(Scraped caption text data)

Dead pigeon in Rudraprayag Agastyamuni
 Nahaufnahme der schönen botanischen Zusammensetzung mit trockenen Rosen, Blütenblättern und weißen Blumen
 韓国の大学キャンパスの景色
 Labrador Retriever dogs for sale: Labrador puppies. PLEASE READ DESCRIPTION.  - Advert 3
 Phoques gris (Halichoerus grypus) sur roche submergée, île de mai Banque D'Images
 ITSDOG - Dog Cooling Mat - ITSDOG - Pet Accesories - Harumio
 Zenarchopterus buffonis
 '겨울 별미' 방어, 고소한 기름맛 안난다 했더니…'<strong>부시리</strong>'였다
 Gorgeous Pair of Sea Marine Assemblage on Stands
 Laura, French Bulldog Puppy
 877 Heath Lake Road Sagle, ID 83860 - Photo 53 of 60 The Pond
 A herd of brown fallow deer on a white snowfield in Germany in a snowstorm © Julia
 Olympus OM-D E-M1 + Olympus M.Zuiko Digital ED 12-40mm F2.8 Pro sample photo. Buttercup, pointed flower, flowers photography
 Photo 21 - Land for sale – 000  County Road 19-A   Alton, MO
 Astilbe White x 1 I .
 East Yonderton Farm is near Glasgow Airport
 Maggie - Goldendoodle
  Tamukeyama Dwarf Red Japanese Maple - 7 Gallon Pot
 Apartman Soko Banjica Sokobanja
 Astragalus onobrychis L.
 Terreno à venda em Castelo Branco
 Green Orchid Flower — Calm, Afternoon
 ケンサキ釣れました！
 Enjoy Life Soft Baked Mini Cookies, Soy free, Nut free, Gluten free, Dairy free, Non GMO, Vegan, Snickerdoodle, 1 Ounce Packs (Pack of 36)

**Task to carry out**
All records above are to be printed exactly, with nothing omitted.

**Your solution**
Dead pigeon in Rudraprayag Agastyamuni
 Nahaufnahme der schönen botanischen Zusammensetzung mit trockenen Rosen, Blütenblättern und weißen Blumen
 韓国の大学キャンパスの景色
 Labrador Retriever dogs for sale: Labrador puppies. PLEASE READ DESCRIPTION.  - Advert 3
 Phoques gris (Halichoerus grypus) sur roche submergée, île de mai Banque D'Images
 ITSDOG - Dog Cooling Mat - ITSDOG - Pet Accesories - Harumio
 Zenarchopterus buffonis
 '겨울 별미' 방어, 고소한 기름맛 안난다 했더니…'<strong>부시리</strong>'였다
 Gorgeous Pair of Sea Marine Assemblage on Stands
 Laura, French Bulldog Puppy
 877 Heath Lake Road Sagle, ID 83860 - Photo 53 of 60 The Pond
 A herd of brown fallow deer on a white snowfield in Germany in a snowstorm © Julia
 Olympus OM-D E-M1 + Olympus M.Zuiko Digital ED 12-40mm F2.8 Pro sample photo. Buttercup, pointed flower, flowers photography
 Photo 21 - Land for sale – 000  County Road 19-A   Alton, MO
 Astilbe White x 1 I .
 East Yonderton Farm is near Glasgow Airport
 Maggie - Goldendoodle
  Tamukeyama Dwarf Red Japanese Maple - 7 Gallon Pot
 Apartman Soko Banjica Sokobanja
 Astragalus onobrychis L.
 Terreno à venda em Castelo Branco
 Green Orchid Flower — Calm, Afternoon
 ケンサキ釣れました！
 Enjoy Life Soft Baked Mini Cookies, Soy free, Nut free, Gluten free, Dairy free, Non GMO, Vegan, Snickerdoodle, 1 Ounce Packs (Pack of 36)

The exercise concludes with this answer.